Bounding the gap between quantum and deterministic query complexity

Question

Although exponential separations between bounded-error quantum query complexity ($Q(f)$) and deterministic query complexity ($D(f)$) or bounded-error randomized query complexity ($R(f)$) are known, they only apply to certain partial functions. If the partial functions have some special structures then they are also polynomially related with $D(f) = O(Q(f)^9))$. However, I am mostly concerned about total functions.

In a classic paper it was shown that $D(f)$ is bounded by $O(Q(f)^6)$ for total functions, $O(Q(f)^4)$ for monotone total functions, and $O(Q(f)^2)$ for symmetric total functions. However, no greater than quadratic separations are known for these sort of functions (this separation is achieved by $OR$ for example). As far as I understand, most people conjecture that for total functions we have $D(f) = O(Q(f)^2)$. Under what conditions has this conjecture been proven (apart from symmetric functions)? What is the best current bounds on decision-tree complexity in terms of quantum query complexity for total functions?

Answer 1

As far as I know, the general bounds you state are essentially the best known.
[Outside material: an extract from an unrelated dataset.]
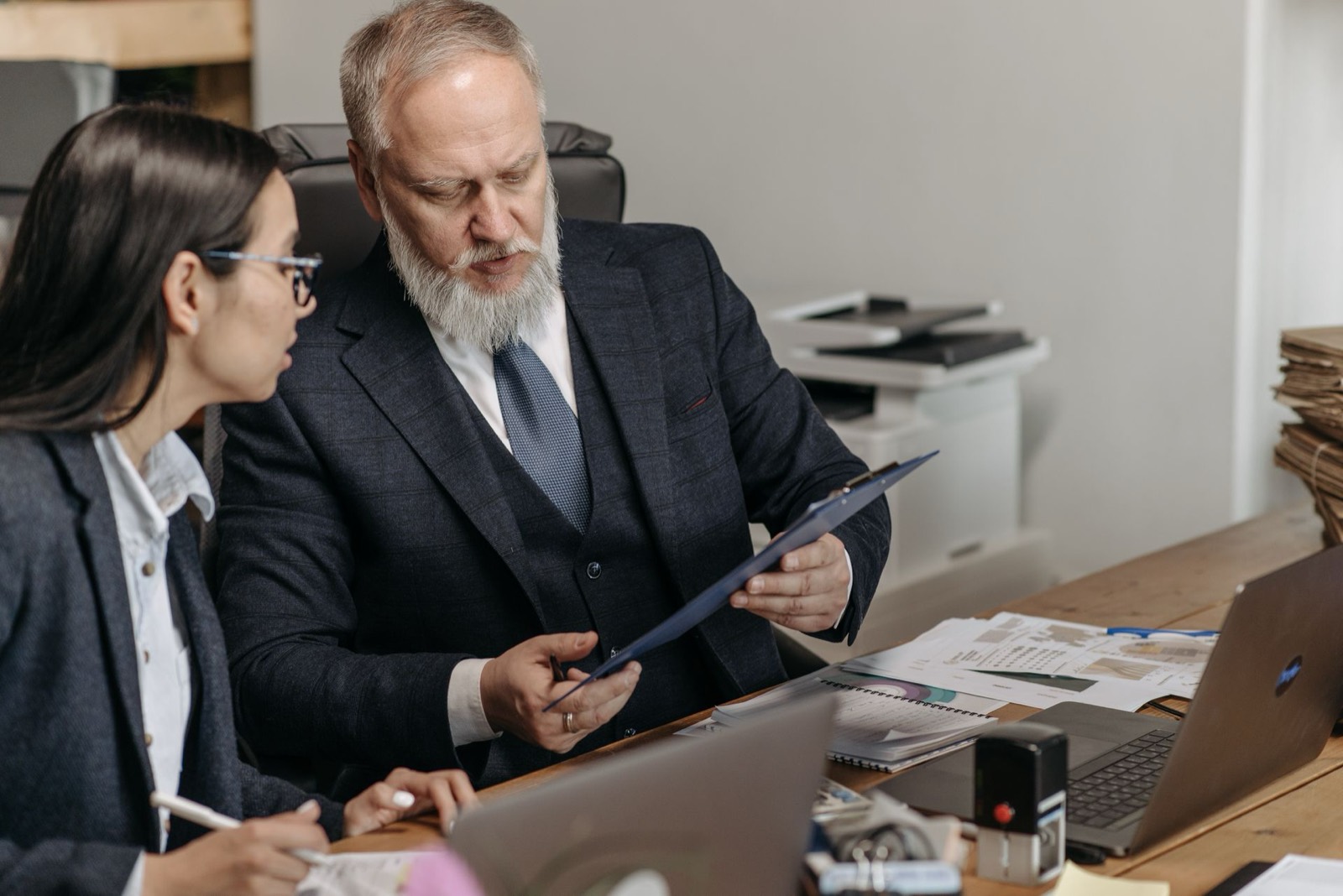 Attorneys meeting across a desk for mentorship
Changing the model slightly, Midrijanis has shown the bound that $D(f) = O(Q_E(f))^3$, where $Q_E(f)$ is the exact quantum query complexity of $f$; there are also tighter bounds known in terms of one-sided error (see Section 6 of this paper).

In terms of more specific, but still general, classes of functions, there is a paper of Barnum and Saks which shows that all read-once functions on $n$ variables have quantum query complexity $\Omega(\sqrt{n})$.
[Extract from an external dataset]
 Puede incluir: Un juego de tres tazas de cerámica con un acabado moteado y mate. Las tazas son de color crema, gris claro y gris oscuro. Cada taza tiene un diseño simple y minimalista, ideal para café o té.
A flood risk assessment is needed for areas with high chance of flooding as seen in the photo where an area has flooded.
Although this progress has been limited, there has been considerable progress in lower bounding the quantum query complexity of specific functions; see this review for details (or e.g. the more recent paper of Reichardt, which proves that the most general version of the ''adversary'' bound characterises quantum query complexity).

Answer 2

I like Ashley Montanaro's answer, but I thought I would also include a set of functions for which the conjecture is known.

A set of functions which is often of interest is functions with constant-sized 1-certificates. This class of problems includes things like $OR$, distinctness, collision, triangle-finding and many other problems (not in the HSP-family) which have been shown to have query complexity separations.

For a constant-sized 1-certificate total function $f$, we have $D(f) = O(Q(f)^2)$.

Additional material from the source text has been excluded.